That’s why, as uniform wholesalers we recognise how imperative it is that we uphold our ethical responsibility to address and eliminate this inequality and crime where it occurs.
According to international human rights group, Walk Free, modern slavery is defined as situations of exploitation in which a person cannot refuse or leave because of threats, violence, coercion, deception or abuse of power.
From forced labour to illegal overtime, wage theft and more, labour exploitation can occur frequently in the garment industry due to these supply chains often operating in locations where laws protecting workers’ human rights are non-existent or not enforced.
At Uniformity, we work proactively to identify, assess and address the risks of modern slavery practices in our operations. We do this by conducting supplier self-assessment questionaries to gauge their level of compliance and ensure they continually meet the in-depth set of criteria outlined in our Modern Slavery Statement (you can read that in full here).
But beyond this, it’s incredibly important to our business that each and every supplier we engage, demonstrates genuine commitment and meaningful action against modern slavery.
And so, when assessing supplier partnerships, both new and existing, we ask that they can talk to their modern slavery policy rather than merely providing it as a “tick-box” exercise in statutory compliance. We do not want to work with suppliers who only appear to be upholding strong ethical standards, but in reality, do not take any practical action to eradicate the underlying risk and exploitation in their own supply chains.

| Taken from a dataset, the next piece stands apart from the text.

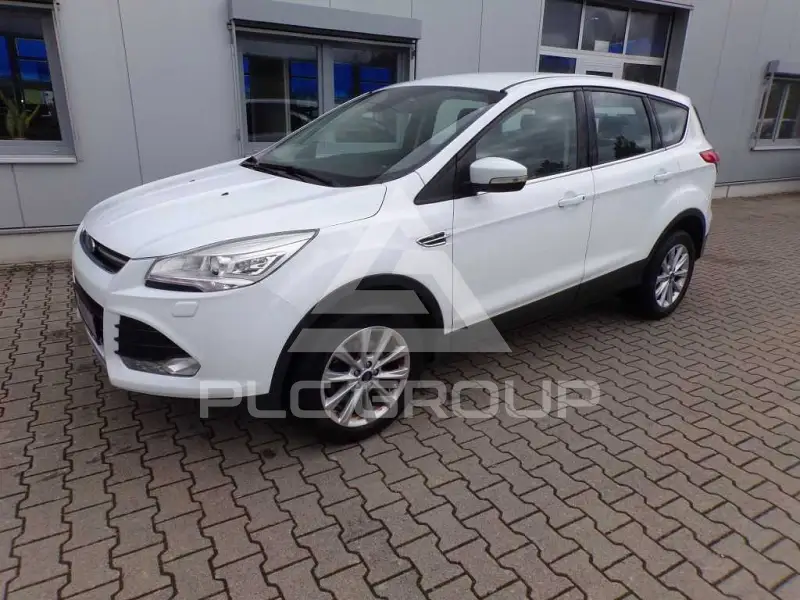 2015 Ford Kuga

A clear indication as to whether a business is taking concrete action to combat modern slavery is their clear refusal to manufacture in any countries identified as high risk by Walk Free’s Global Slavery Index.

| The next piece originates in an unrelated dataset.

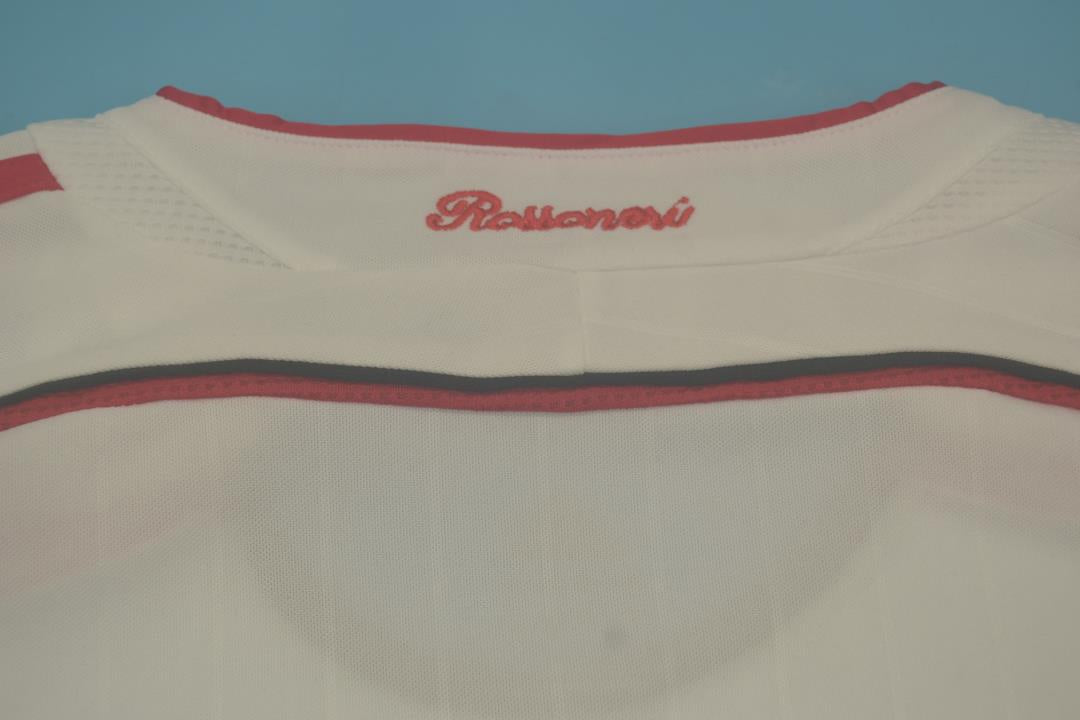 Maillot Extérieur Milan AC Finale LDC 2006/07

The Global Slavery Index is an internationally recognised source that examines not only locations where modern slavery is perpetrated, but also where those products of crime are then sold and consumed and subsequently, what further actions governments are taking to respond. It is an incredibly detailed data set that should be referenced and utilised by not only businesses, but consumers as well.
Despite the complexity of garment supply chains, as brands and individuals we all play a crucial role in advocating for the human rights of all workers and in turn helping end further examples of modern slavery.